Des éléments laissent penser que dans le cadre du bras de fer avec l’Iran, cet outil ou ses dérivés pourraient être utilisés pour suivre les mouvements de cadres affiliés aux APT iraniens, ou encore infiltrer des appareils mobiles clés dans les réseaux liés au régime de Téhéran. La simple possibilité que des terminaux aient été compromis par un outil aussi furtif renforce la paranoïa déjà présente au sein des autorités iraniennes, convaincues d’être infiltrées par des agents du Mossad.

Ainsi, la posture israélienne mêle cyber-offensif étatique via l’unité 8200 et cyber-surveillance privée à vocation stratégique, illustrant une approche multi-canal de la domination informationnelle et technique dans un affrontement où la frontière entre espionnage, sabotage et renseignement est volontairement floue.

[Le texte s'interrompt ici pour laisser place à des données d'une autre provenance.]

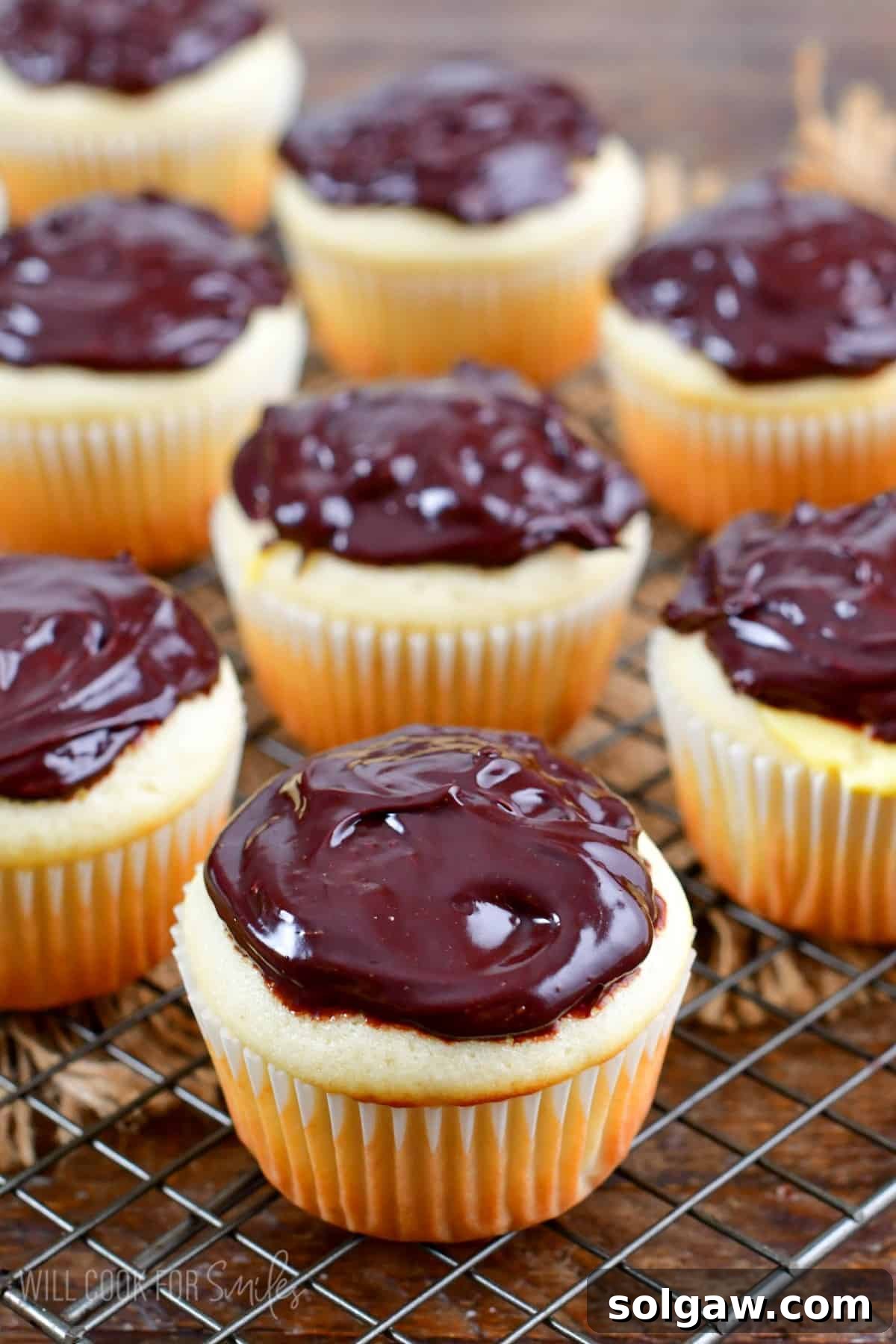 Boston Cream cupcakes on a wire rack with chocolate frosting on top on a wood surface.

Dans le contexte du conflit actuel, on observe également une intensification de l’exposition médiatique des APT iraniens, souvent mise en avant par les firmes israéliennes comme Check Point [1] ou ClearSky [2], ce qui contribue indirectement à la neutralisation des infrastructures ennemies par le biais de signalements, démantèlements ou mesures de blocage DNS.

 

En conclusion : un déséquilibre ?

Au total, cent-quatre groupes sont actuellement actifs dans le conflit. On peut constater un déséquilibre, vingt-quatre groupes du côté israélien contre quatre-vingts du côté iranien. Ce déséquilibre peut s’expliquer par la stratégie asymétrique de l’Iran, qui s’appuie sur un réseau étendu de groupes non étatiques, idéologiquement alignés ou opportunistes, pour compenser sa supériorité militaire moindre face à Israël.

Ce conflit reflète une guerre d’influence et de contrôle où la domination de l’information est centrale. En juin, l’Iran a quasiment coupé l’accès à Internet sur l’ensemble de son territoire, provoquant une hausse de 95 % de l’utilisation des VPN. Cette manœuvre vise à endiguer les mouvements de contestation interne et à verrouiller le flux d’informations, soulignant à quel point le cyberespace est devenu un champ de bataille stratégique, tant pour la confrontation extérieure que pour le maintien du pouvoir en interne.